Officials hurriedly created a busy atmosphere in the office, spreading blotting paper and placing documents, one marked “restricted”, on the large desk.
“I don’t need glasses when reading,” said the Prime Minister as he took off his spectacles to read the restricted document.
The Prime Minister’s office moved to the first-floor room after Mr Smith took office in 1965, explained an official.
Previous Prime Ministers had used a room on the ground floor. Mr Smith moved from that room because of the noise of traffic along Jameson Avenue, added the official.
In the reception room the only relic of the Muzorewa regime was Miss Evelyn Kawonza, once the bishop’s personal secretary at the UANC headquarters and later the social secretary.
She said she had been asked to help in familiarising the incoming staff with the chores they will be expected to perform.
Once that is over, she believes, she will be asked to leave as the rest of Bishop Muzorewa’s personal staff has already done.
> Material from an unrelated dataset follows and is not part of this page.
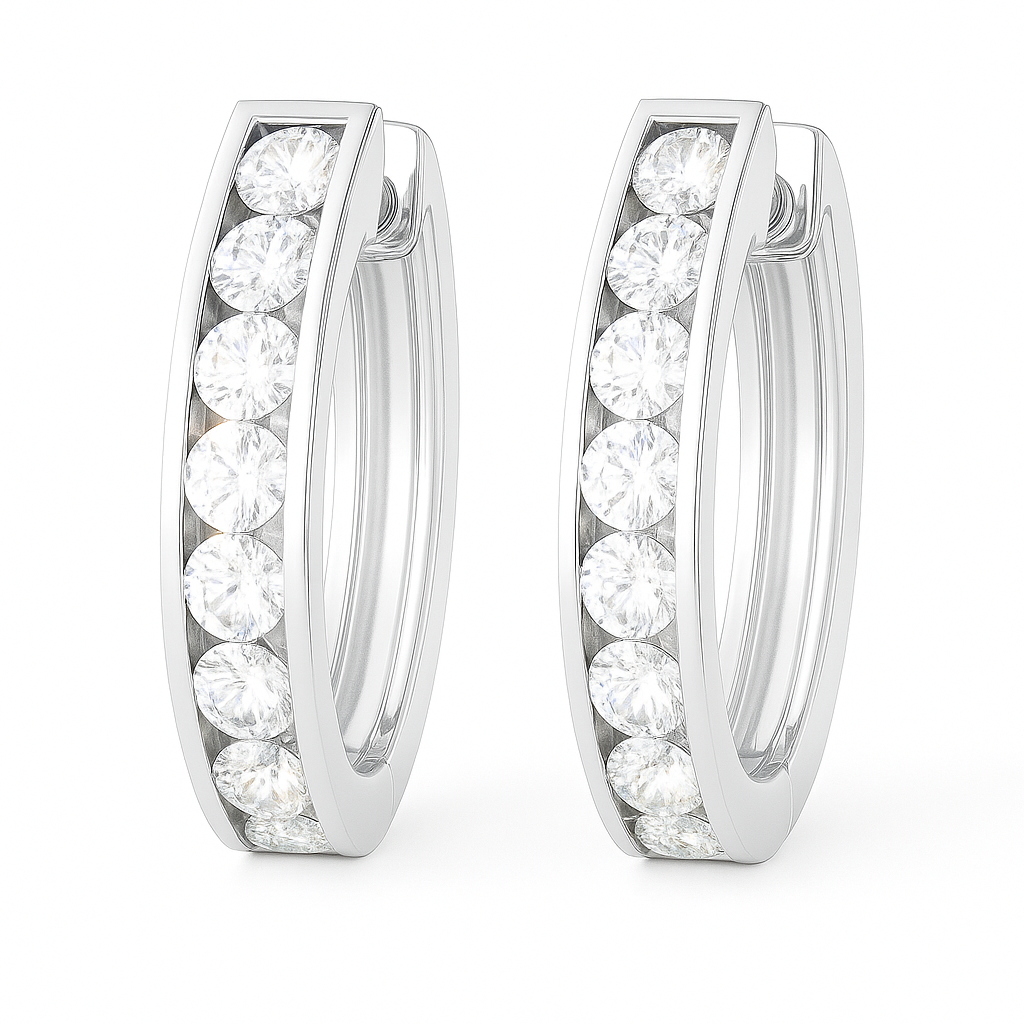 2.5 mm moissanite channel set huggies earrings in white gold-plated 925 silver. Sleek, refined and hypoallergenic for daily wear. Available now at BSI Jewelry.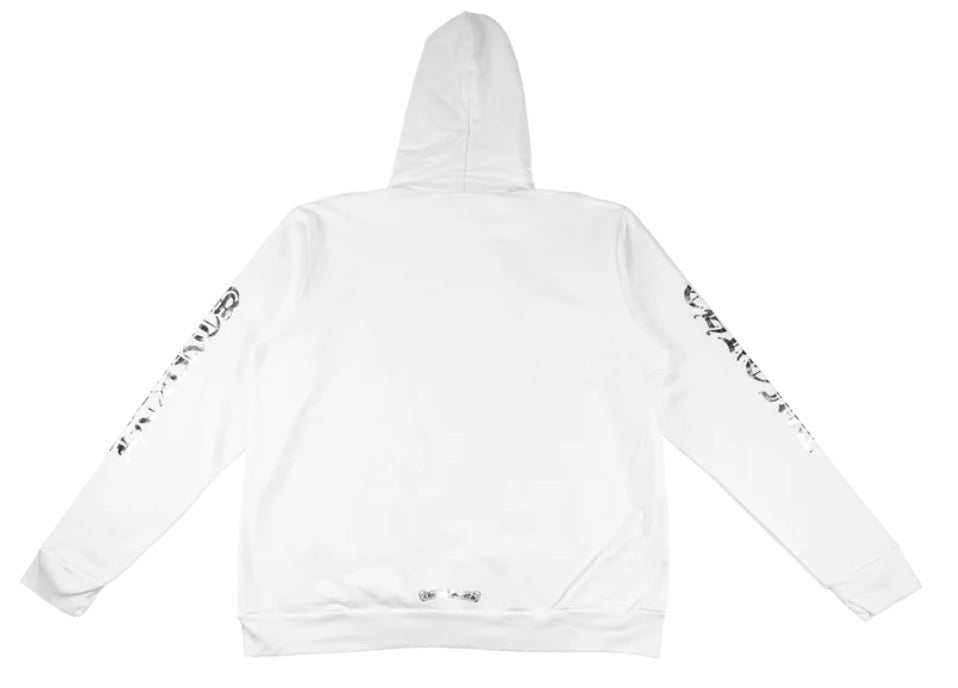 Chrome Hearts Silver Foil Vertical Logo Hoodie White Large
Former guerillas, now either bodyguards to ministers or general security men, kept a vigil over the Prime Minister’s office and ministers’ cars.
The Prime Minister, Mr Robert Mugabe, plunged into business with the Secretary to the Cabinet, Mr George Smith, in the Prime Minister’s Office, Milton Buildings, Salisbury, yesterday.
Lessons For Today
◆ Change is always a difficult process and in most cases it does not happen overnight but overtime.
◆ When change happens it is important to ensure that it is smooth and this involves having a proper handover-takeover process.
◆ The occupation of the Prime Minister’s office at Milton Buildings by Mr Mugabe was symbolic as it signified the change of guard from the colonial to majority rule. Delicate though this transitional phase was, it was a process that set off a chain of actions leading up to the country’s official declaration of independence on 18 April, 1980.